Director adds AH Realty Trust (NYSE: AHH) shares via dividend reinvestment
Rhea-AI Filing Summary
AH Realty Trust, Inc. director Frederick Blair Wimbush reported buying additional common stock through a broker-sponsored dividend reinvestment program. On April 2, 2026, he purchased 669.29 shares at a weighted average price of $5.408 per share, and on April 1, 2026 he bought 395.46 shares at $5.38 per share, both as open-market purchases.

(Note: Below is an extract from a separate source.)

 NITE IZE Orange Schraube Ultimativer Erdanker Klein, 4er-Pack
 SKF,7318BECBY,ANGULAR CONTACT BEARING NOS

Following these transactions, Wimbush directly owns 42,030.627 shares of common stock. He also holds Time-Based LTIP Units in AH Realty Trust, L.P. representing 12,919 underlying common shares, which are convertible into partnership common units after vesting and, subject to a two-year post-grant restriction except in a Change of Control, ultimately redeemable for cash or common stock with no expiration date.
Positive
- None.
Negative
- None.
Insider Trade Summary
| Type | Security | Shares | Price | Value |
|---|---|---|---|---|
| Purchase | Common Stock | 669.29 | $5.408 | $4K |
| Purchase | Common Stock | 395.46 | $5.38 | $2K |
| holding | Time-Based LTIP Units | -- | -- | -- |
Footnotes (1)
- Shares purchased pursuant to a broker-sponsored dividend reinvestment program. The price reported in Column 4 is a weighted average price. These shares were purchased in multiple transactions at prices ranging from $5.38 to $5.45, inclusive. The reporting person undertakes to provide to AH Realty Trust, Inc. (the "Company"), any security holder of the Company, or the staff of the Securities and Exchange Commission, upon request, full information regarding the number of shares purchased at each separate price within the range set forth in footnote (2) to this Form 4. Represents Time-Based LTIP Units ("Time-Based LTIP Units") in AH Realty Trust, L.P. (the "Operating Partnership"), the operating partnership of the Company, and of which the Company is the general partner. Under the agreement of limited partnership of the Operating Partnership (the "OP Agreement") and subject to conditions set forth in the OP Agreement, following the date on which the Time-Based LTIP Units vest, Time-Based LTIP Units are convertible into common units of limited partnership interest in the Operating Partnership ("Common Units"), at the holder's option. Under the award agreement pursuant to which the Time-Based LTIP Units were granted to the reporting person, except in connection with a Change of Control (as defined in the OP Agreement), the Time-Based LTIP Units may not be converted to Common Units until two years following the date of grant. Time-Based LTIP Units have no expiration date. Each Common Unit is redeemable for cash equal to the then-current market value of one share of the Company's common stock or, at the election of the Company, one share of the Company's common stock. Common Units have no expiration date.